Armin Ronacher - A year with MongoDB
Armin Ronacher talks about MongoDB, at PyGrunn.
See the PyGrunn website for more info about this one-day Python conference in Groningen, The Netherlands.
I do computers, currently at Fireteam. We do the internet for pointy-shooty games.
I started out hating MongoDB a year ago. Then it started making sense after a while, but I ended up not liking it much. But: MongoDB is a pretty okay data store, as Jared Heftly says. We are just really good at finding corner cases.
MongoDB is like a nuclear reactor, but if you use it well, it is safe. I said that in October. Currently I am less enthousiastic.
We had a game. Christmas came around. Server load went up a lot.
Why did we pick MongoDB initially? It is schemaless, the database is sharded automatically, it is sessionless. But schemaless is just wrong, MongoDB's sharding is annoying, thinking in records is hard, and there is a reason people use sessions.
MongoDB has several parts: mongod, mongoc, mongos. So it has many moving parts.
First we failed ourselves. We were on Amazon, which is not good for databases. Mongos and Mongod were split but on the same server, which meant that they were constantly waiting on each other. We went to two cores and then it was fine. Still, EBS (Elastic Block Storage) is not good for IO, so not good for databases. Try writing a lot of data for a minute, just with dd and you will see what I mean.
MongoDB has no transactions. You can work around this, but we really did need it. It is meant for Document-level operations, storing documents within documents, but that did not really work for us. Your mileage may vary.
MongoDB is stateful. It assumes that the data is saved correctly. If you want to be sure, you need to ask it explicitly.
It crashes a lot. We did not update from 2.0 for a while because we would have hit lots of segfaults.
To break your cluster: add new primary, remove old primary, don't shutdown old primary (this step is bad!), network partitions and one of them overrides the config of the other in the mongoc. That happened to us during Christmas.
Schema versus schemaless is like static typing versus dynamic typing. Ever since C# and TypeScript, static typing with an escape hatch to dynamic typing wins. I think almost everyone adds schemas to MongoDB. It is what we do anyway.

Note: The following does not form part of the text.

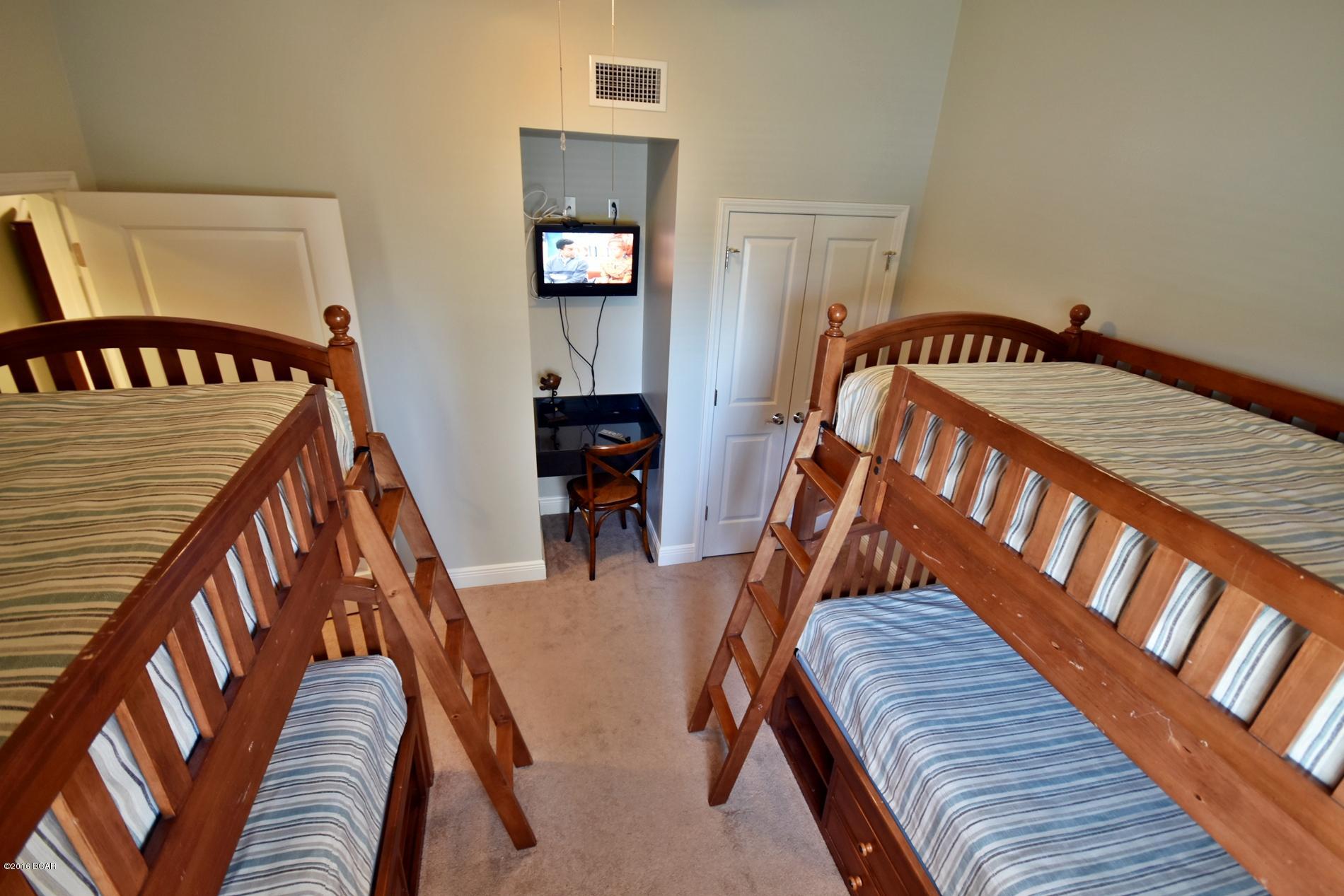 Sterling Breeze - Residential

getLastError() is just disappointing. Because you have to ask this all the time, things are always slower.
There is a lack of joins. This is called a 'feature'. I see people joining in their code by hand. The database should be much better at doing this than the average user. MongoDB does not have Map-Reduce, except a version that hardly counts.

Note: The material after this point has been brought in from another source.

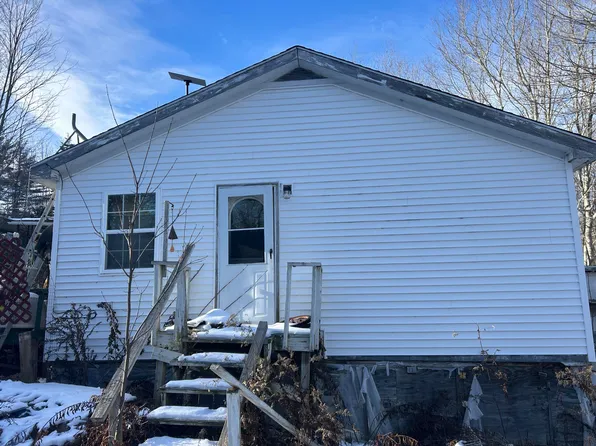 741 Toddy Pond Road, Surry, ME 04684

When using the find or aggregate functions in the API to get records, you can basically get SQL injection when a user makes sure to get a dollar sign at the beginning of a string, as MongoDB handles that differently.
Even MySQL supports MVCC, so transactions. MongoDB: no.

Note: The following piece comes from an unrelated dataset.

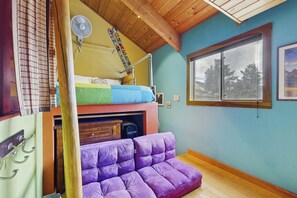 1 bedroom, free Internet, bed sheets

MongoDB can only use one index per query, so quite limited. Negations never use indexes; not too unreasonable, but very annoying. There is a query optimizer though.
Making MongoDB far less slow on OS X:
mongod --noprealloc --smallfiles --nojournal run
Do not use : or | in your collection names, or it will not work if you try to import it on Windows.
A third of the data is the key. That is just insane. A reason to use schemas.
A MongoDB cluster needs to boot in a certain order.
MongoDB is a pretty good data dump thing. It is not a SQL database, but you probably want a SQL database, at least until RethinkDB is ready. Probably we would have had similar problems with RethinkDB though.
It is improving. There is a lot of backing from really big companies.
I don't want to do this again. I want to use Postgres. If I ever get data that is so large that Postgres cannot handle it, I have apparently done something successful and I will start doing something else. Postgres already has solved so many problems at the database level so you do not have to come up with solutions yourself at a higher level.
Without a doubt, MongoDB will get better and be the database of choice for some problems.
The project we use it for does still run on MongoDB and that will probably remain that way.